On top of this, the state’s sweeping system of lay-offs known as “last hired, first
fired,” disproportionately affects schools with younger teaching staffs. Under this system,
teachers with the least amount of experience are automatically fired first. California uses
this system blindly and does not consider which schools these teachers are coming from.
For Markham, Gompers and Liechty, their extremely young staffs bore the brunt of these
firings.
“Last hired, first fired” is part of a contract established between the school district
and the teachers’ union. It ensures that more experienced and often tenured teachers
remain safe and secure in their positions even as they may wane in effectiveness.
This system is also not very cost effective, according to expert reports from the
lawsuit. Newer teachers are paid much less than those with seniority, so the district needs
to fire even more of these inexperienced teachers to adequately reduce salary costs and
meet budget constraints, said a report by educational think tank policy analyst Robert
Manwaring.
David Sapp, an ACLU lawyer, said that central to the recent class action lawsuit
is the fact that it puts the entire system of state-mandated teacher lay-offs under a
microscope. “One of the big problems is that data on how those lay-offs were being
distributed were not publicly available, it is not something that’s tracked at all,” Sapp
said. “It’s just by the state, systematically.”
8
While teacher lay-offs have become standard fare in California education, the
recent lawsuit has put a spotlight on the use of substitute teachers to fill long-term
vacancies. A substitute is supposed to be a temporary solution to a teacher absence, but in
recent years they are used increasingly as a staffing crutch. This can cause long-term
repercussions for the students who are consistently taught by them.
9
Maximum Use, Minimal Standards
The requirements to become a substitute are minimal; applicants must have a
bachelor’s degree, pass a basic math and English standardized test and clear a
background check. Each substitute takes a five-day training course that instructs them
mostly, on how to control a classroom and follow district regulations. Actual class
instruction is an afterthought, as substitutes are typically thought of as mostly
placeholders or babysitters.
These basic prerequisites, a six-hour workday and a $175 daily paycheck attract a
wide range of candidates. While some of these substitutes are passionate about teaching
and committed to their students, many other teachers are out-of-work actors, retired
parents, people between careers, or anyone else looking for a part-time job. This can lead
to less-than dedicated substitutes in the classroom.
In the 2009-2010 school year, substitute teachers were used in LAUSD schools
over 124,000 times, according to district statistics.
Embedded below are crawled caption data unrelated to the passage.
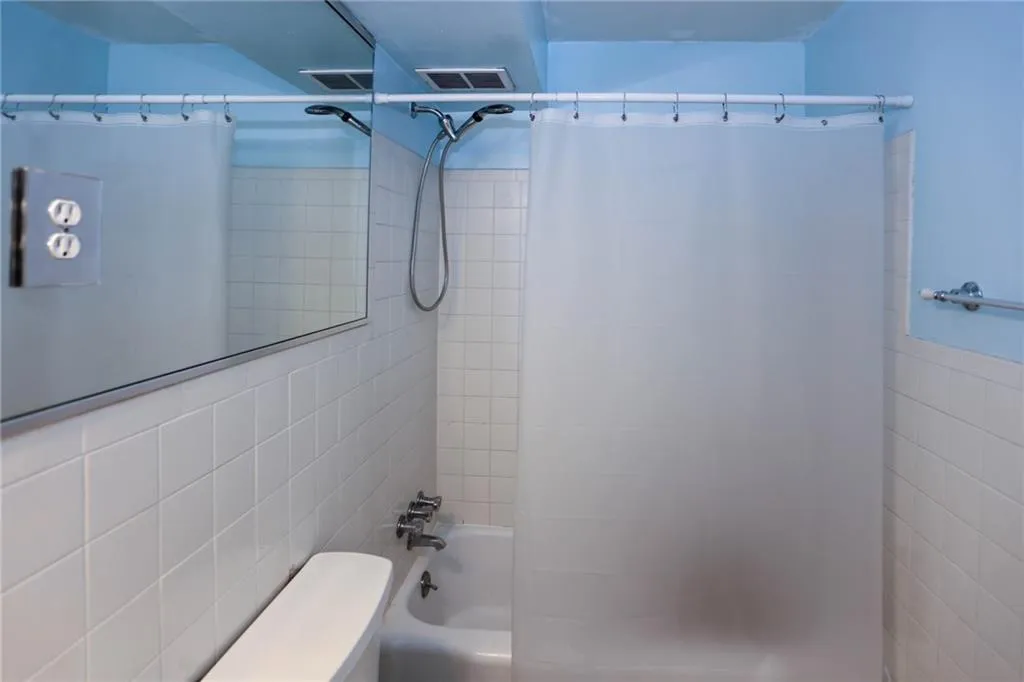 Full bathroom with shower/bath combo with shower curtain and tile walls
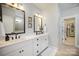 Well-lit bathroom with double sinks, modern fixtures, and a doorway to a walk-in closet at 4016 Spring Cove Way, Belmont, NC 28012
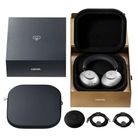 Loewe over-ear headphones shown with their branded packaging and accessories on a white background. The set includes a black hard case with silver interior padding holding the headphones, a black retail box with the Loewe name and heart logo, a separate black zippered case, a round black foam insert, and two black cable accessories.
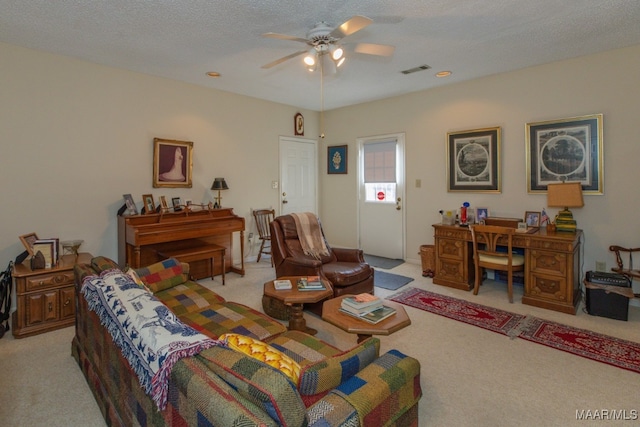 living area featuring a textured ceiling, a ceiling fan, visible vents, and light colored carpet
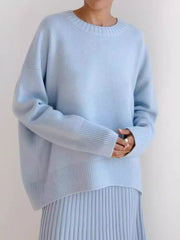 Light blue soft knit sweater with ribbed neckline, cuffs, and hem.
Although the district has
approximately 30,000 teachers, these substitutes were heavily concentrated schools in
poorer neighborhoods.
There are no requirements for checking on substitutes at individual schools, said
Deborah Ignagni, assistant chief of human resources at LAUSD. It’s up to each school’s
principal to check on subs and ensure that they’re doing their job.
10
But even for a principal with the best intentions, a school day can slip by too fast.
Between meetings with parents, disciplining rowdy kids and all the logistics that go along
with running a school, principals do not always have time to check on the subs.
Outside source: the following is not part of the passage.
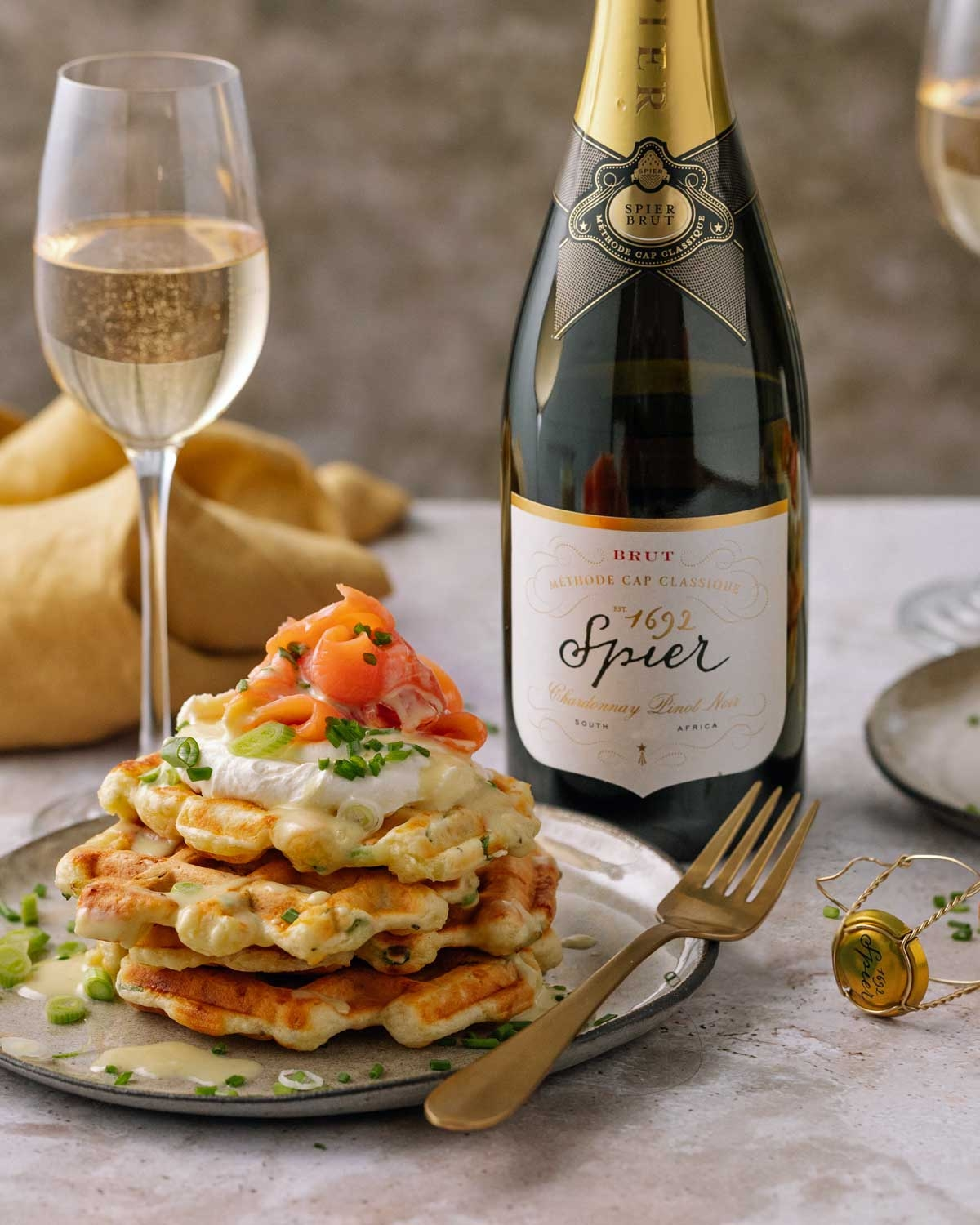 Ein Stapel herzhafter Waffeln mit Sahnesoße, Räucherlachs und Kräutern wird auf einem Teller mit einer Gabel, einem Glas Sekt und einer Flasche Spier brut Sekt serviert.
While a lack of monitoring may leave the kids stranded with a lackluster sub, it
can be equally detrimental to the substitute. Substitutes often arrive at their assigned
classroom for the day and are confronted with 30 rambunctious students and no lesson
plan. Without any help, the substitutes are forced to wing it, creating assignments off-the-
cuff and struggling to maintain control of the class.
Nicholas Melvoin, and ex-Markham teacher and the assistant to the executive
director of Teach For America, Los Angeles, said the district’s system of substitute
monitoring is failing the students, but it it’s also failing the substitutes. “Everyday a new
substitute would walk into chaos and be somehow expected to reign that chaos, and they
couldn’t,” Melvoin said.
Oftentimes, actually teaching a full day’s worth of lessons is simply unrealistic.
At Markham, quality substitutes were the exception, not the rule, Melovin said, and it is
nearly impossible to get a substitute fired, let alone transferred out of a school. “There’s
really no way unless you witness a substitute physically hit a kid, to stop them from
coming back,” Melvoin said.
At Markham, some substitutes did not even speak English. There were at least
three teachers at Markham who had this language barrier, and one of them subbed at the
school seven or eight times, Melvoin said.
11
The Campus Circus
Yvette Grageda, an elementary school substitute, said she’s seen first-hand the
detrimental results of an uninvolved principal. At one LAUSD school, the principal stood
by and watched as students ran amok after lunch. They were disrespectful and
disobedient to the full-time teachers and substitutes alike, and the principal did nothing to
intervene. “I waited 20 minutes for students to line up after recess,” Grageda said.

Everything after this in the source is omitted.